I do six farmers’ markets a week during the market season, and one a week during the winter. That’s at least 150 opportunties to find me somewhere with a full array of cheese ready for their selection and my full attention.
And yes, we do have a "closed" sign. It's up permanently...

Snowmobile Hell


It’s been such a snowy and early winter that the snowmobilers must be living on their snowmobiles. Many trails go through our neighborhood, and this year, they are also using the roads. It sounds like a heavy industrial park around here. It drives me nuts. I want to go outside and hear nothing but the snow falling. I don’t want to hear the roar and snarl of those damned snowmobiles.
In contrast, Brad’s iceboat customers have been strangley quiet. Usually he starts getting the calls to get their sails repaired as soon as the first ice is safe. This year the snow came before the ice, and it’ s not looking good for good skating or iceboating ice. Somehow, iceboating and skatesailing appeal to my sense of winter sports much more than snowmobiling. Probably because it’s quiet.

Tuesday, December 11, 2007

Classic New England Seasons


We enjoyed the most perfect snow day this week. We had no where we had to go; it was a snow day from school, and we’d planned a down day to recover from our weekend holiday sale. The snow was picture-perfect - fluffy and light. We stayed inside all day and just watched it fall, baked bread and ate the whole loaf hot from the oven with homemade butter. Then I made an apple pie for supper.

We continue to get light snowfalls to renew the snow cover. It really is classic winter weather, and fine with me for Christmas.

On reflection, I realized that this fall’s weather was the most beautiful in years, following a summer of perfect weather. I now expect a perfect spring. I just wish it wasn’t four months away...

Wednesday, November 14, 2007

We are rich


Thanksgiving is my favorite holiday, and we’re busy planning the menu. Of course, we’re taking the local food challenge, which isn’t too difficult for us in Maine. We can find all that we need, right here in Maine. We are so lucky and so rich!
Turkey - Mainely Poultry, Warren
Vegetables - our garden, or
Peacemeal Farm, Dixmont, or
Freedom Farm, Freedom
Fail Better Farm, Unity
Shrimp - locally caught in Penobscot Bay, gifted to us by a local fisherman
Butter - I’m making it from organic cream from White’s Orchard Dairy
Bread for stuffing -- Borealis Aroostook Wheat
Sausage for stuffing -- Cornerstone Farm, Palmyra
Mushrooms - Oyster Creek Mushroom Co, Damariscotta
Cranberries - wildgathered and bartered for
Cranberry chutney and cranberry butter -- Half Moon Farm, Montville
Herbs - our garden
Spices - gifted to my brother from a friend who got them in Spain, then sailed home
Coffee - gifted to us by Louella, and picked by her in Mexico last winter
Honey - Gardiner’s Honey, Swanville
Maple Syrup - either Brad’s or Freyenhagen Family Farm, Union
Eggs - ours
Cheese - ours
Milk - ours (but all milk available here is Maine grown and produced)
Salt - maine sea salt
cider - our apples, picked by Brad, pressed at Sewall’s Orchard
apples for the pie - ours
fruit wine - Winterport Winery, or Brad’s

The last and final nut to crack: nuts. We’re looking for Maine walnuts or hazelnuts. We know they’re out there!

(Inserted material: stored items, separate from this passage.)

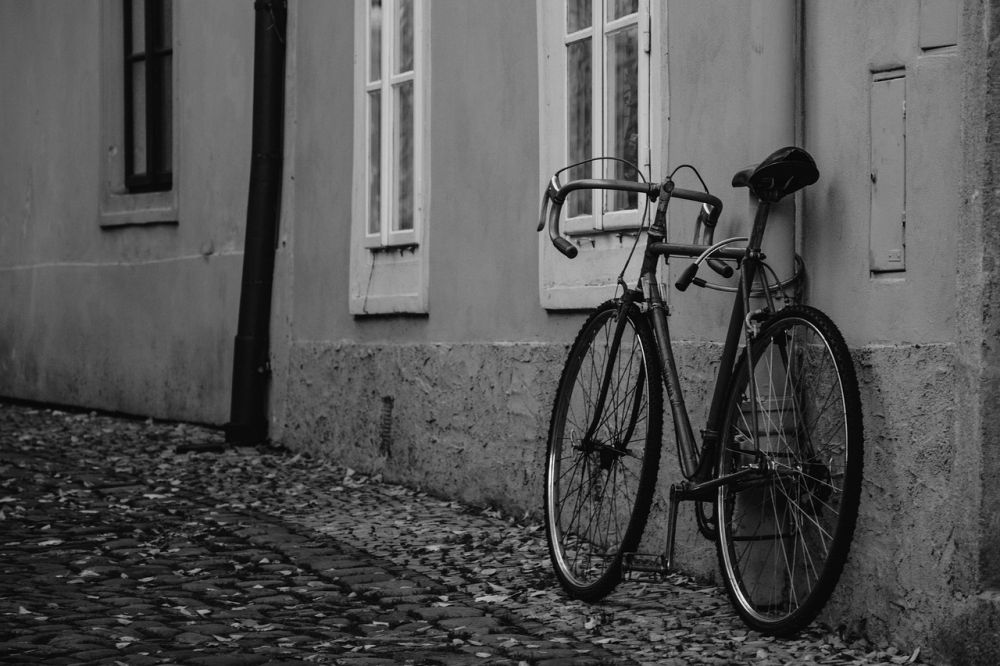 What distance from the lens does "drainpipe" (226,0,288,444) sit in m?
10.8

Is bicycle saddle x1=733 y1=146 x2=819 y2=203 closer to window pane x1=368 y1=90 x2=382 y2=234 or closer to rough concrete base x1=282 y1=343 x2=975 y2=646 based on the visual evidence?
rough concrete base x1=282 y1=343 x2=975 y2=646

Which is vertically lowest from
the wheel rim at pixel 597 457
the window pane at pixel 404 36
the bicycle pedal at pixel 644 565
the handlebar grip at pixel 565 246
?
the bicycle pedal at pixel 644 565

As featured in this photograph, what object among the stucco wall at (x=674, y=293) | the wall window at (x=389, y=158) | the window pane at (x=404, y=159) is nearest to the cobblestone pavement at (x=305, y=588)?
the stucco wall at (x=674, y=293)

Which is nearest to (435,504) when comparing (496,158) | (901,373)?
(496,158)

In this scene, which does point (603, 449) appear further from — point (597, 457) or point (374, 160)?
point (374, 160)

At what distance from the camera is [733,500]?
5.24m

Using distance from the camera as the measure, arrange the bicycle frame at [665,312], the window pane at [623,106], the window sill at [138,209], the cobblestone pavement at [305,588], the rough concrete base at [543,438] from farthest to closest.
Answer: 1. the window sill at [138,209]
2. the window pane at [623,106]
3. the bicycle frame at [665,312]
4. the cobblestone pavement at [305,588]
5. the rough concrete base at [543,438]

Thursday, November 1, 2007

Hunting Season



All jokes aside about the month of breakfasts given in our honor, hunting season just makes me sad. Poor Lucy has to wear the silly collar. The goats have to stay in the near paddock, and can’t roam the woods. I don’t feel safe driving the backroads. And I worry about Mrs. Deer, who lives just on the other side of the goat’s fence in the corner of the field. Every summer she appears with her annual twin fawns. But for all that, I’m glad I live where people can still hunt if they want, and harvest the surplus of the woods. People who hunt understand that in order to eat meat, a life must be taken, and at least these lives have been full and free.

Tuesday, October 16, 2007

Empty nesting

Jessie left a week ago. Louella left in August. Fiona left in September and is settling in at college.
Even my spring kids are kids no longer, but are goatie teens with raging hormones.
I miss my girls of summer.

What do they read to kids these days?

During a conversation with Jessie the other day, I realized that I was always referencing the Laura Ingalls Wilder Little House series.

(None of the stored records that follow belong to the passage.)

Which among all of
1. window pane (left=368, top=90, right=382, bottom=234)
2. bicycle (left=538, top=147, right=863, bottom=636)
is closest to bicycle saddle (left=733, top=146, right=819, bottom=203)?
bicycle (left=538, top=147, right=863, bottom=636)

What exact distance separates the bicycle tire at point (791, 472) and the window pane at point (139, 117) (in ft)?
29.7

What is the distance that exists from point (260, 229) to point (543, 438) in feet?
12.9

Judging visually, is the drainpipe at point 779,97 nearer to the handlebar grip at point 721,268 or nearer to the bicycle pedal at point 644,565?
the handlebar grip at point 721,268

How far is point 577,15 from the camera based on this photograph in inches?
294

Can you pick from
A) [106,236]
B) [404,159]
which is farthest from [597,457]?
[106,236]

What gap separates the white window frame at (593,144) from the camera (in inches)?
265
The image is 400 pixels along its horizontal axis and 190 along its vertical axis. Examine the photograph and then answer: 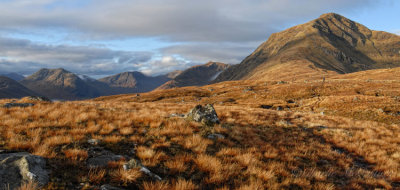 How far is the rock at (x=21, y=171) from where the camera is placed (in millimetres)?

Then I got thinking about other books from my childhood that were about what you might term survivalist skills: Swiss Family Robinson, My Side of the Mountain. And later on, anything by Helen and Scott Nearing,

These should be required reading for anyone considering farming. Heck, they should be required reading to any kids growing up. Which begs the question: what are they reading to kids these days???

Tuesday, October 2, 2007

Butter Trials

My apprentice Jessie and I have been talking all week about the components that would go into a truly local Thanksgiving. I've realized that butter is one area that I need to Get Real Get Maine in... so we've been conducting butter trials all week. We found some at the Coop that's made in Brooks, not too far away, as well as Kate's butter from Old Orchard Beach. But our biggest triumph of the week is that we made butter on Friday! It was so easy -- we bought two quarts of cream, put it in a gallon jar to ripen at room temp for the day, added a touch of MM starter at the beginning. When we got home from market, we took turns shaking the jar, wondering how long it would take, and all of a sudden, there was butter!!! We got 5 8-oz tubs out of two quarts of cream when we were all done. I don't think it was exactly a pound, as it felt lighter than that, and the butter seemed slightly whipped. But the bottom line is that we did it, it was fun, it was delicious, and now we can wow our families with butter at Thanksgiving!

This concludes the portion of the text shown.